--- What needs to be done ---
The line containing "Soccer Football - UEFA" marks the end: copy exactly every line from the start of the records below up to and including it, leaving out pictures.

Task input Block Start

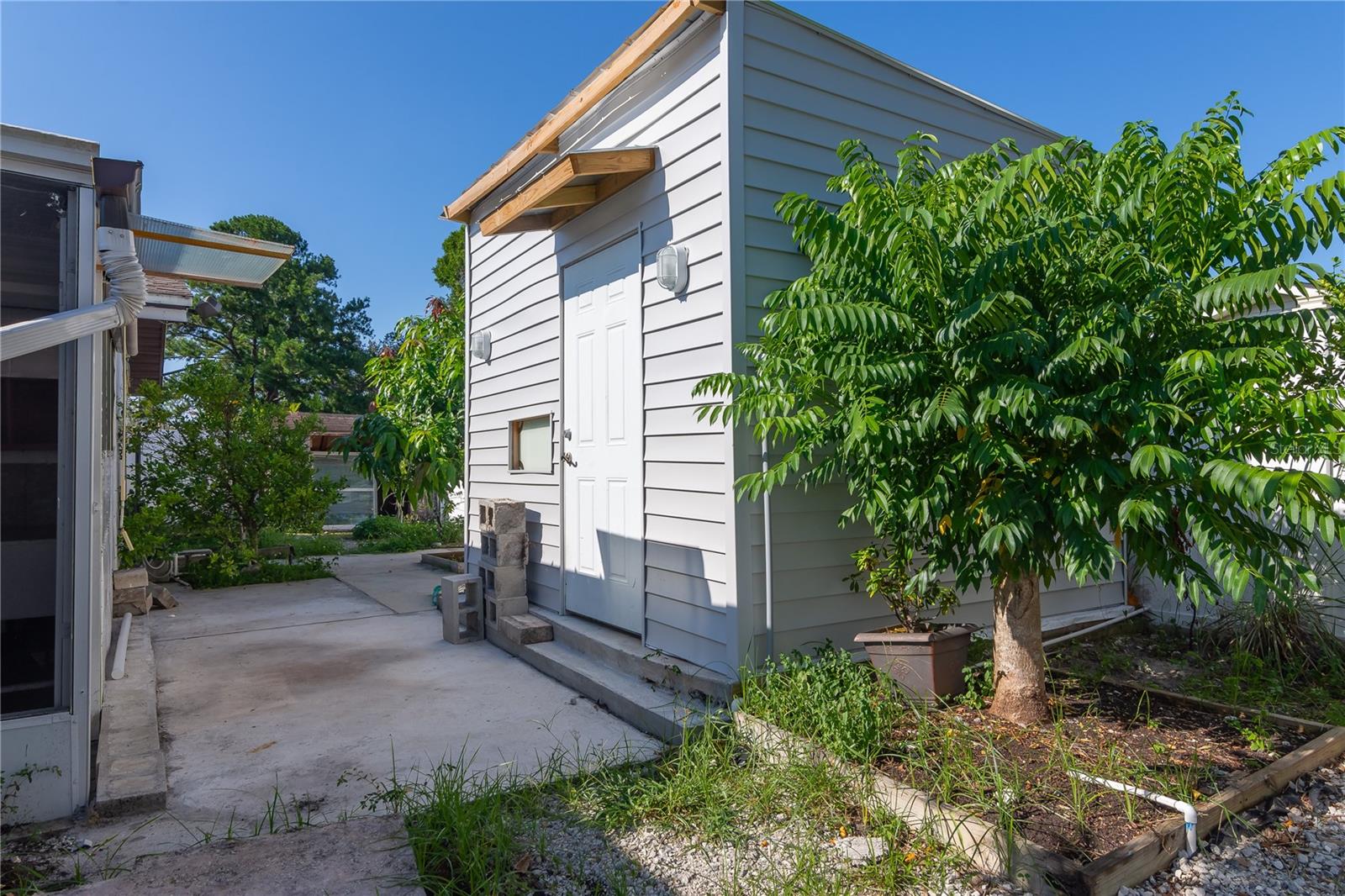 Image 2 of 26 For 219 Bennett Street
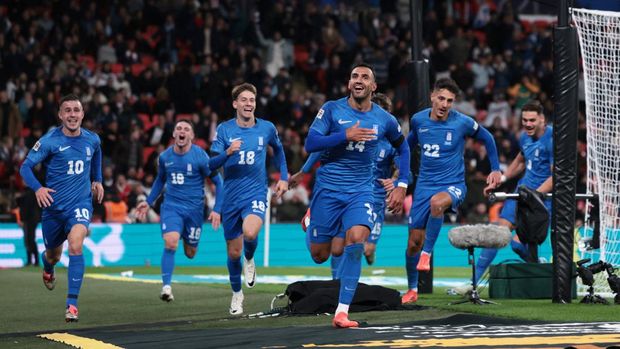 Soccer Football - UEFA Nations League - Group B2 - England v Greece - Wembley Stadium, London, Britain - October 10, 2024 Greece's Vangelis Pavlidis celebrates scoring their second goal with teammates Action Images via Reuters/Paul Childs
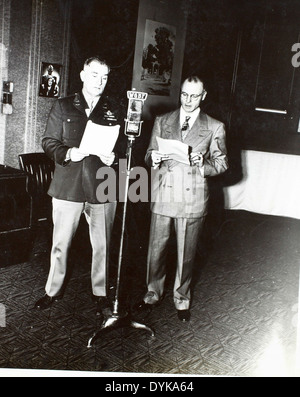 Cette image montre le 125e escadron de liaison pendant la seconde Guerre mondiale. L'escadron a fourni des services de communication et de reconnaissance essentiels, faisant souvent voler des avions légers pour livrer des messages et des rapports dans les zones de combat. Banque D'Images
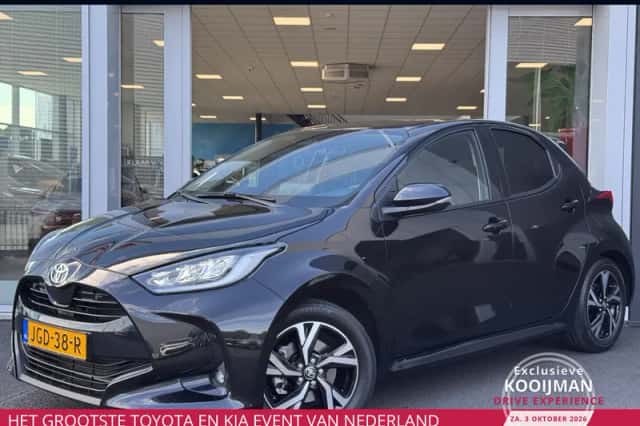 Toyota Yaris (2025) thumbnail 1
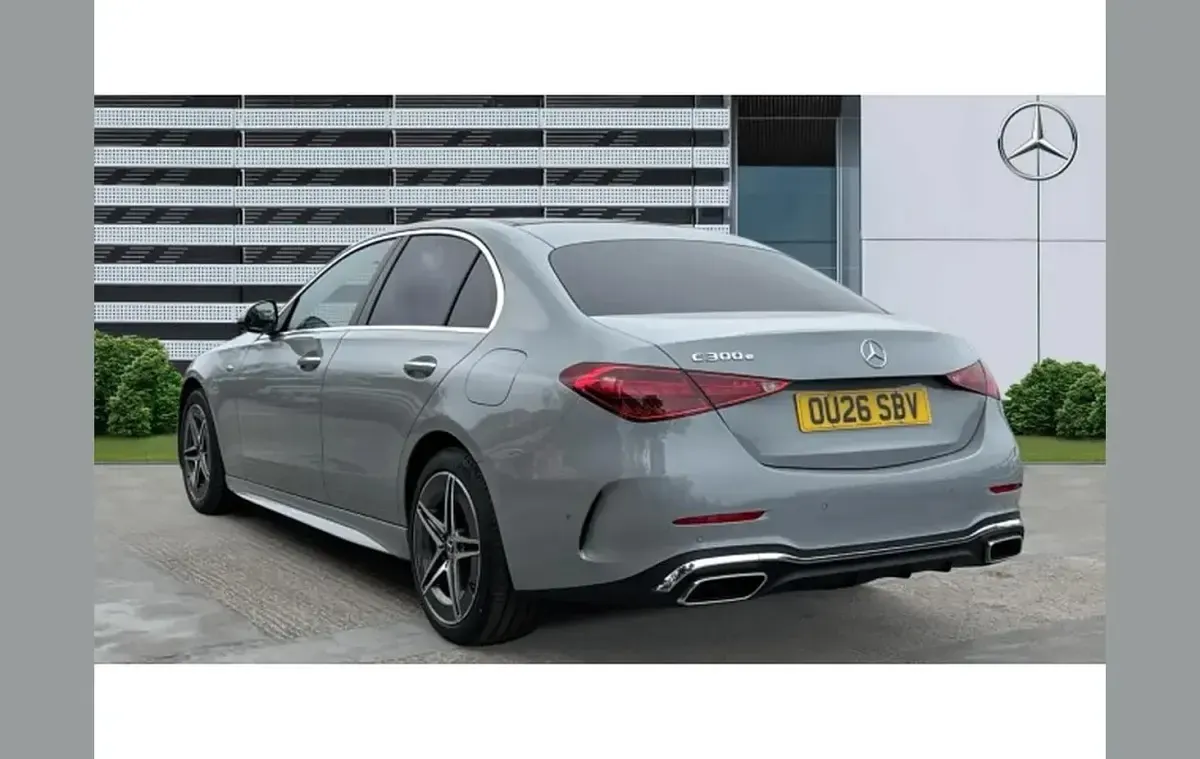 Used Mercedes C300 AMG Line Premium Plus 308 HP (226 kW) 2026 Grey Sedan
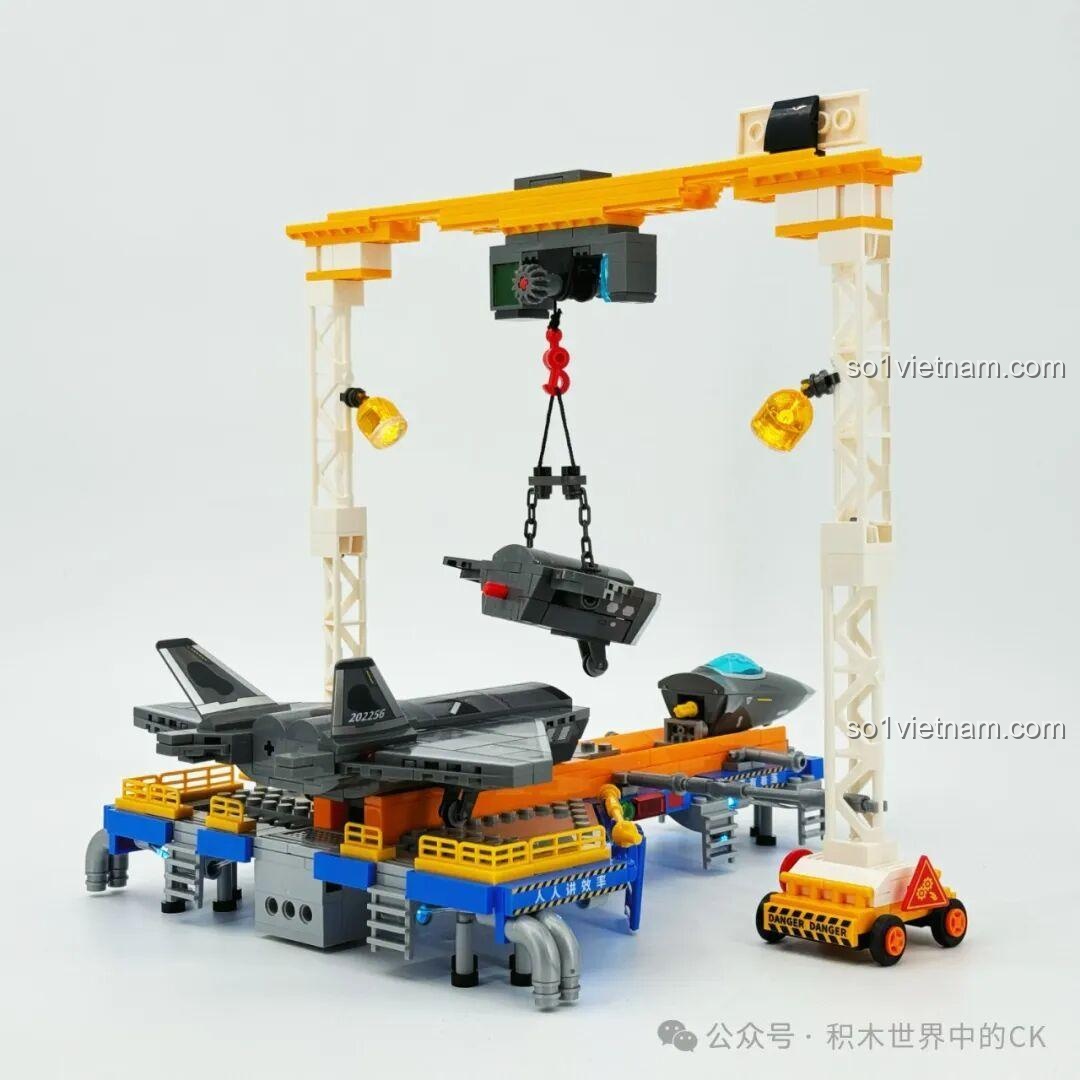 Chi tiết các biển báo và ống dẫn trên nền tảng sản xuất Sembo 202256 Dây Chuyền Sản Xuất Máy Bay J-20, tăng tính chân thực.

Task input Block End

--- Finished task ---
 Image 2 of 26 For 219 Bennett Street
 Soccer Football - UEFA Nations League - Group B2 - England v Greece - Wembley Stadium, London, Britain - October 10, 2024 Greece's Vangelis Pavlidis celebrates scoring their second goal with teammates Action Images via Reuters/Paul Childs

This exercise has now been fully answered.